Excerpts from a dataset
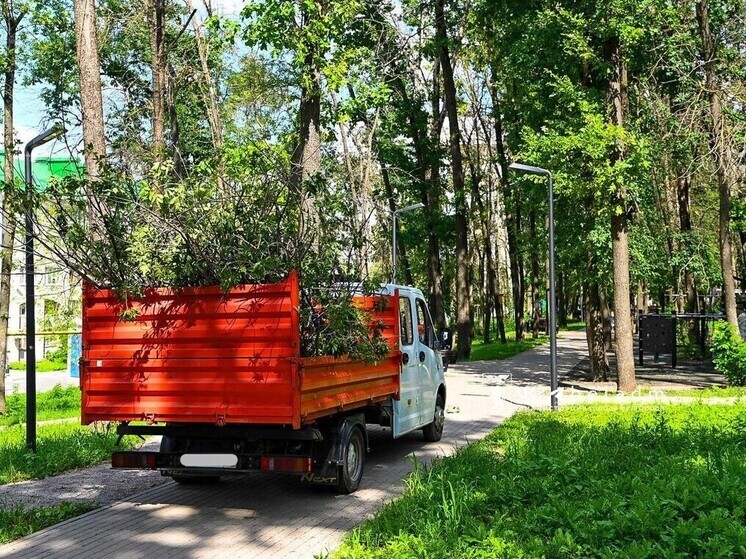 В Пушкинской аллее Белгорода начали убирать сухостой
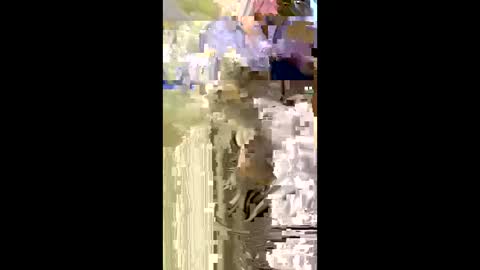 Snapshot of misnicol chatting on 01.05.26 Nicol online show from 01.05.26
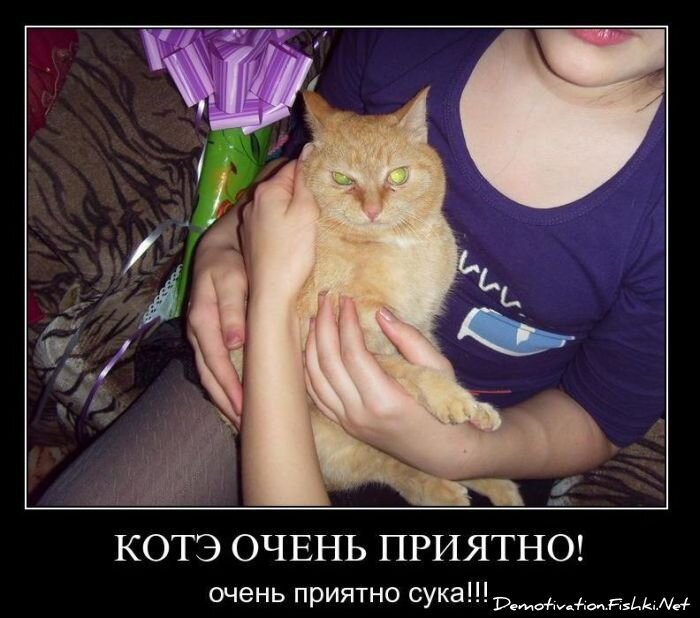 Демотиваторы, часть 92. (101 фото)
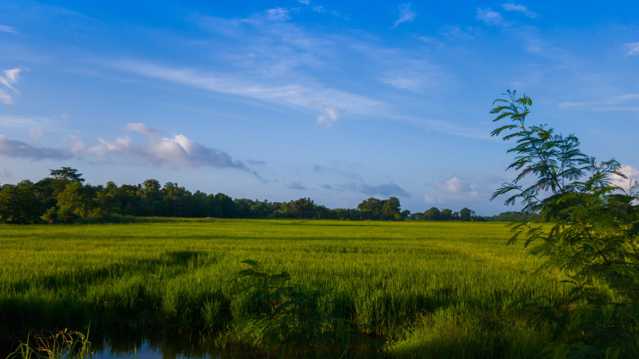 绿色稻田唯美自然风光图片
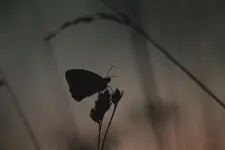 Varius Manx - Vale of tears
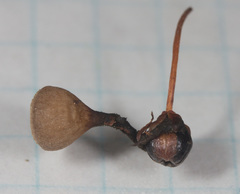 Monilinia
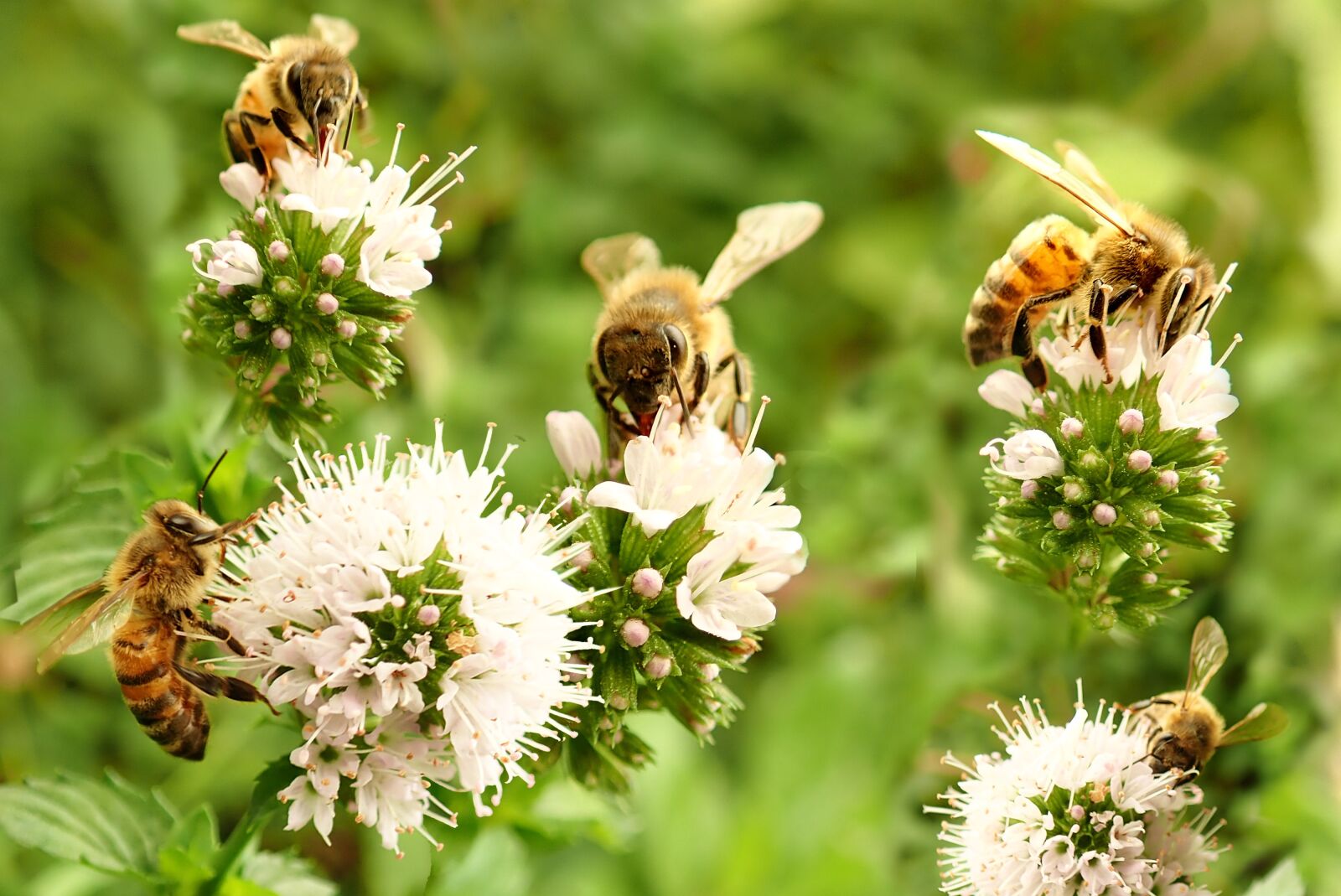 Olympus TG-5 sample photo. Bees, insects, pollen photography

* [What you need to do]:
Repeat the records in full and exactly, leaving every picture out.

* [Task answer]:
 В Пушкинской аллее Белгорода начали убирать сухостой
 Snapshot of misnicol chatting on 01.05.26 Nicol online show from 01.05.26
 Демотиваторы, часть 92. (101 фото)
 绿色稻田唯美自然风光图片
 Varius Manx - Vale of tears
 Monilinia
 Olympus TG-5 sample photo. Bees, insects, pollen photography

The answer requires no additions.